## Assignment
Lines from the one containing "Cartes Oracle Voyage chamanique" through the final line of the records below are needed, copied exactly, with no pictures.

## Task input
_ _ _ _ _

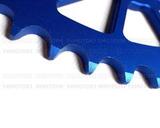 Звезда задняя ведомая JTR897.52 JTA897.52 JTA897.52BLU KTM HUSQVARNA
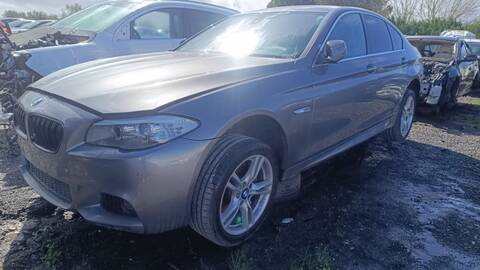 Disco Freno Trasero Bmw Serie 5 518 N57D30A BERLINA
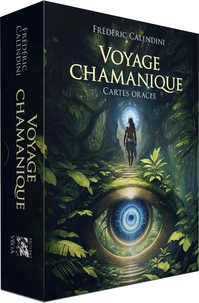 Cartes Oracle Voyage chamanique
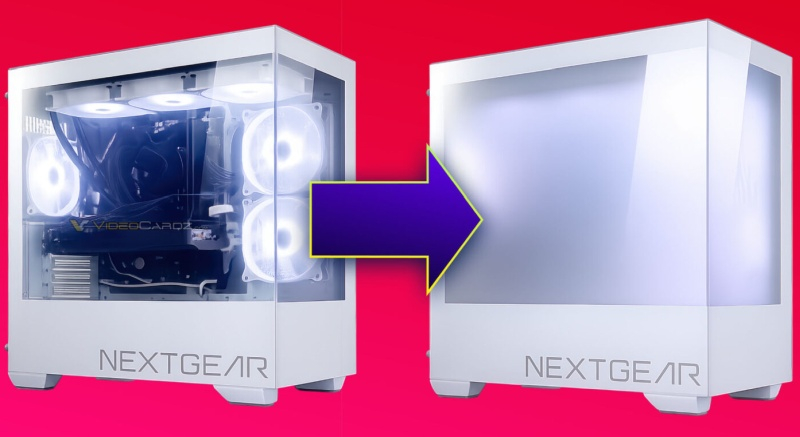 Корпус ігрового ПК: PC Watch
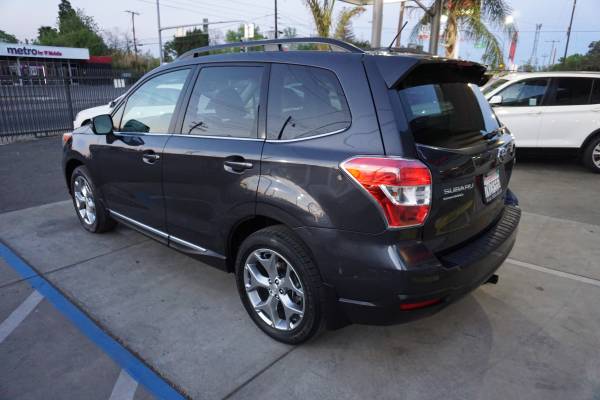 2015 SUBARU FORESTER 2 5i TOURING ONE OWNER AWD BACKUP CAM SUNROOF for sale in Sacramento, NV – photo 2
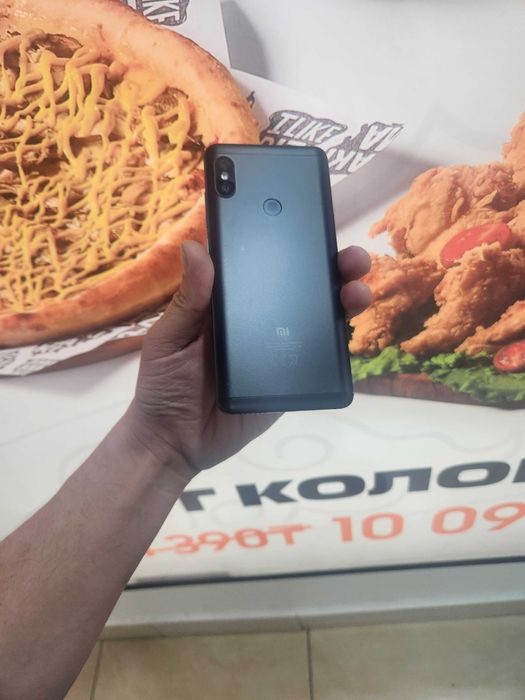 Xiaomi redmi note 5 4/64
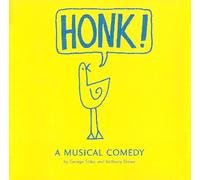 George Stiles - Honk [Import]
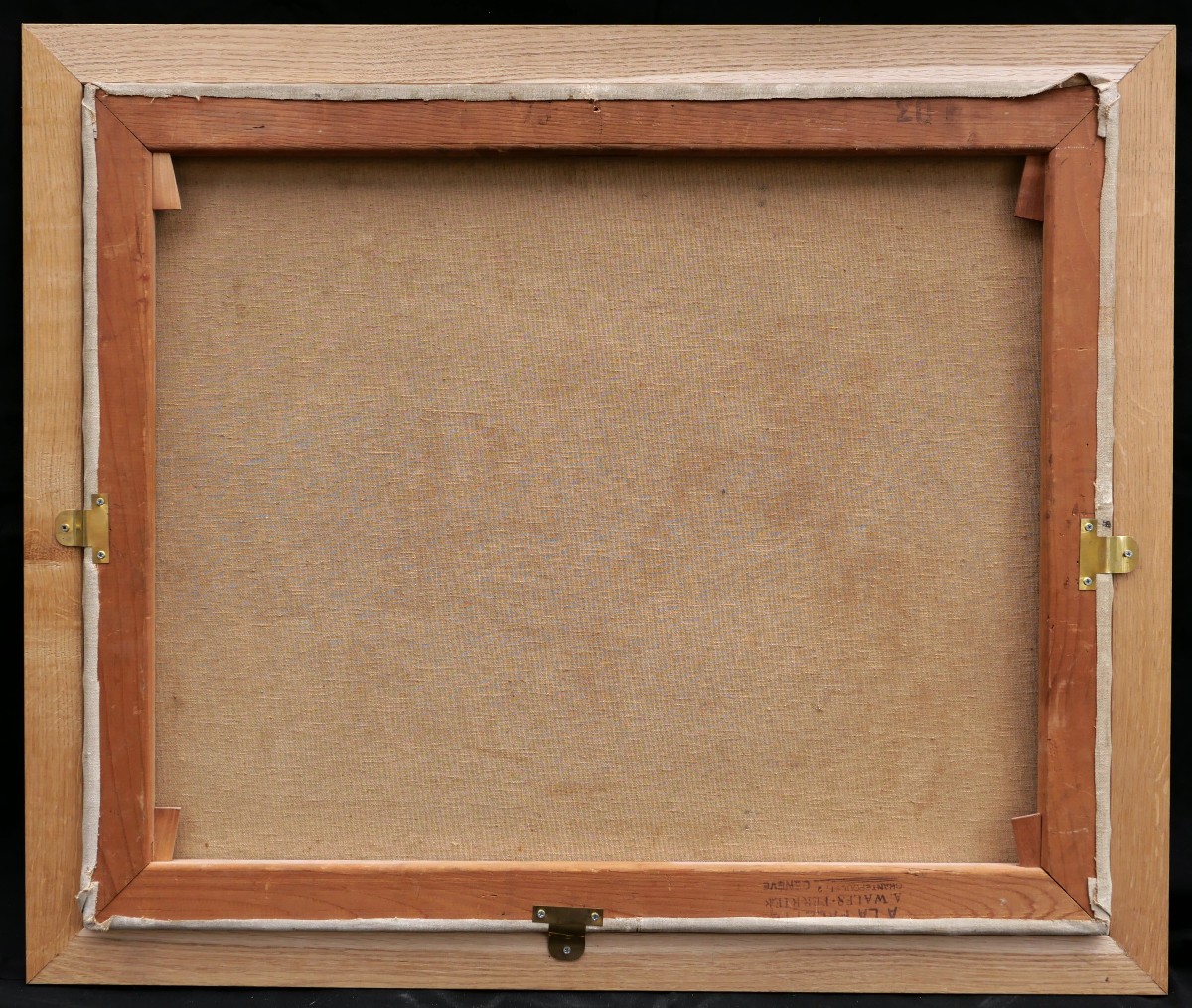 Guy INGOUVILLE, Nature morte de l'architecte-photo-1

_ _ _ _ _

## Output for this task
 Cartes Oracle Voyage chamanique
 Корпус ігрового ПК: PC Watch
 2015 SUBARU FORESTER 2 5i TOURING ONE OWNER AWD BACKUP CAM SUNROOF for sale in Sacramento, NV – photo 2
 Xiaomi redmi note 5 4/64
 George Stiles - Honk [Import]
 Guy INGOUVILLE, Nature morte de l'architecte-photo-1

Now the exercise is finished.